When Kanika Karvinkop quit her styling job at fashion magazine Grazia India in 2016, she didn't have a plan for what to do next, but she was sure of three things. One was that she was in awe of the fashion design talent across south Asia; the second was that this talent was underrated globally; and the third was that she wanted to give the designers the exposure they deserved, using her styling skills, with a feature shot at Rajasthan's Pushkar Camel Fair.
Countless magazines rejected her pitch, and she had almost given up when one of her emails was forwarded to Refinery29's executive creative director, Piera Gelardi, who commissioned it within minutes. ‘This was the first time an editorial spread with solely Indian designers was shared on a global platform and the response was amazing,’ says Kanika.
She went on to style editorials featuring south-Asian designers for magazines like Nylon, Wonderland and i-D and saw the enthusiastic reaction: people were desperately trying to get their hands on the clothes. Kanika realized there needed to be a central space for showcasing the designers' work. It made her think of the camel fair, crammed with color, clothes and life – and this became the core inspiration behind her concept store, No Borders, in Mumbai.
Opened in 2018, No Borders gives contemporary Indian designers a platform for showing their work to the wider world and a community where they can connect with each other.
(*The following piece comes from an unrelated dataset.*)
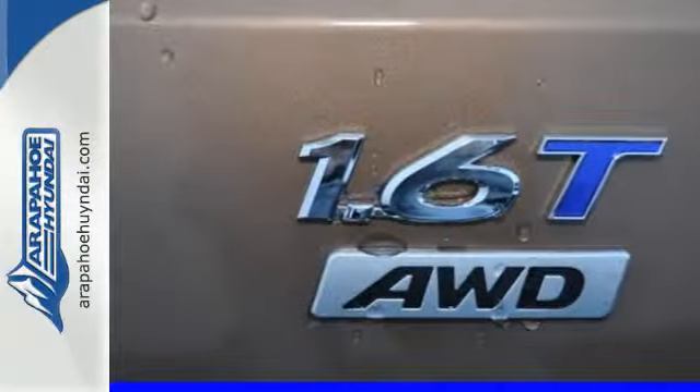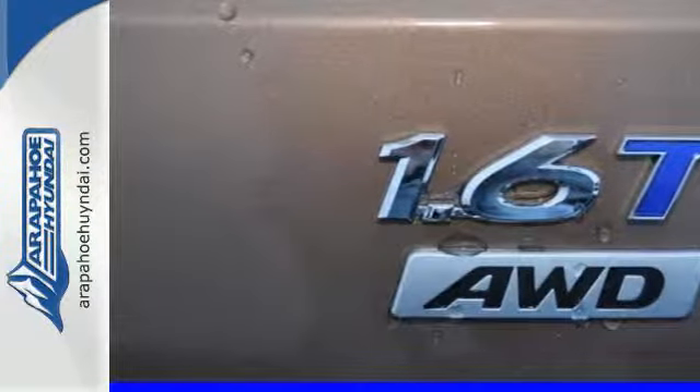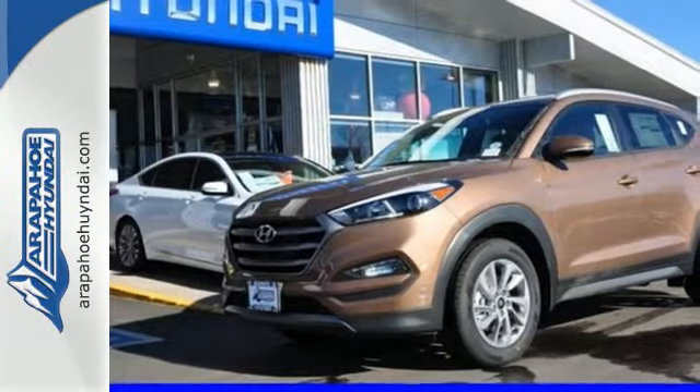It's also equipped with a rear view camera, hill start assist control, and a rear spoiler. Take to the road in this impressive Tucson today.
Kanika and her team personally curate the clothes by south-Asian designers, with a focus on sustainability and conserving multiple generations' worth of skill and technique.
‘I want to amplify the work of these designers, artisans and brands as well as the histories and traditions they are upholding, while helping them promote what they're doing internationally.’
Kanika also wants No Borders to be an incubator for new talent. ‘After being in this field for a few years now, I know what our community actually wants, so we work with artisans and designers and help them create their collections.’ This year, No Borders will launch a collaborative capsule collection with the Indian designer Mridu Mehra and her label, Kokun, which specializes in using natural dyes, ‘slow stitching’ techniques and handloom weaving to create the textiles for its garments.
Kanika says the thread that runs through all of No Borders' collaborations is the connection to heritage. ‘It's about sitting with the older south-Asian aunties who mix and match their blouses to their saris; it's the way the men carry themselves in the small intimate moments between friends,’ she says. ‘It's the beauty and chaos altogether – an innate desire to show the everyday moments of south Asia.’